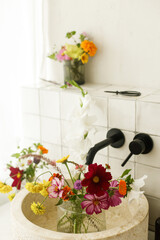 Beautiful flowers in modern bathroom with stylish sink, black faucet and white tiles. Summer flowers arrangement gathered from garden in modern room in home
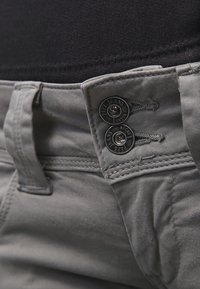 Grå denimbyxor med en slät textur. Funktioner två svarta knappar med ingraverad märkning, stabil sömnad och detalj vid midjan.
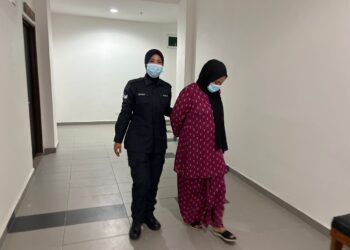 TERTUDUH (kanan) dibawa oleh anggota polis untuk pertuduhan di 
Mahkamah Majistret, Kota Bharu, Kelantan hari ini.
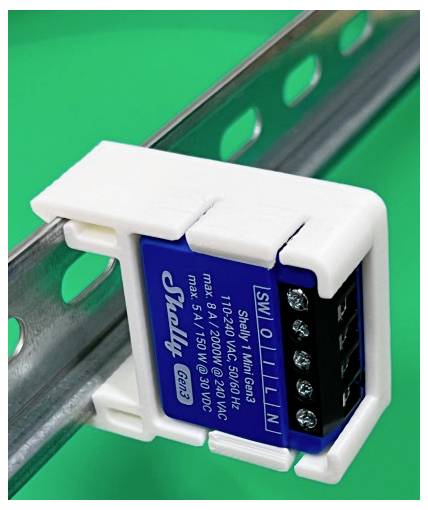 Close-up van een Shelly 1 Mini Gen3 slimme relaismodule gemonteerd op een metalen DIN-rail tegen een groene achtergrond.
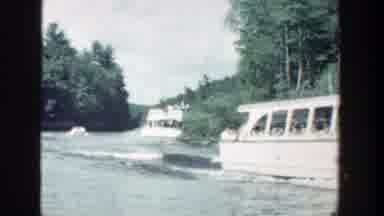 Wisconsin (1964): Travelers And Tourists Take A Tour On A Boat Riding Along A Fast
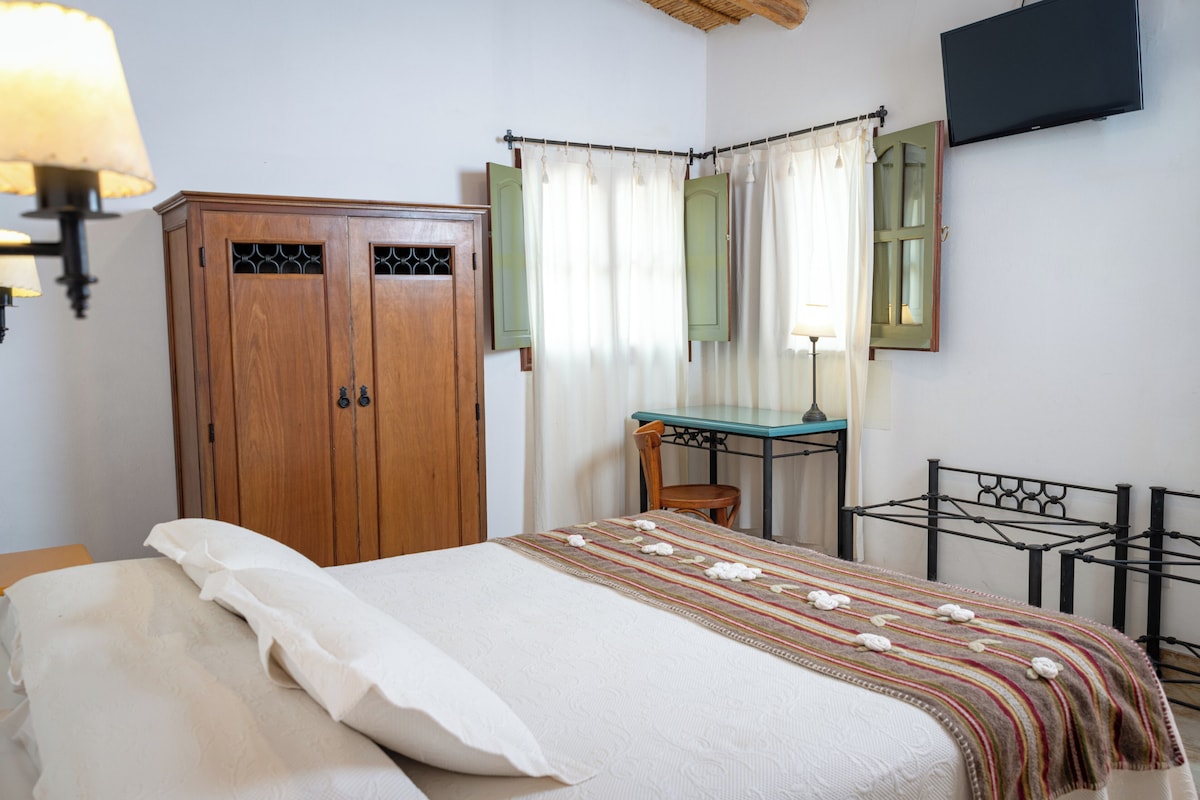 Een slaapkamer met een bed, een houten kast, een bureau, een stoel en een televisie aan de muur.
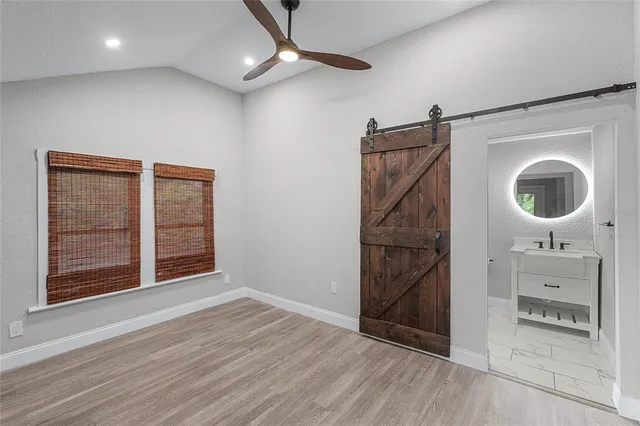 a view of gallery with wooden floor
════
Goal of the exercise → Only the records are wanted, copied exactly, with the pictures dropped.

Written reply →
 Beautiful flowers in modern bathroom with stylish sink, black faucet and white tiles. Summer flowers arrangement gathered from garden in modern room in home
 Grå denimbyxor med en slät textur. Funktioner två svarta knappar med ingraverad märkning, stabil sömnad och detalj vid midjan.
 TERTUDUH (kanan) dibawa oleh anggota polis untuk pertuduhan di 
Mahkamah Majistret, Kota Bharu, Kelantan hari ini.
 Close-up van een Shelly 1 Mini Gen3 slimme relaismodule gemonteerd op een metalen DIN-rail tegen een groene achtergrond.
 Wisconsin (1964): Travelers And Tourists Take A Tour On A Boat Riding Along A Fast
 Een slaapkamer met een bed, een houten kast, een bureau, een stoel en een televisie aan de muur.
 a view of gallery with wooden floor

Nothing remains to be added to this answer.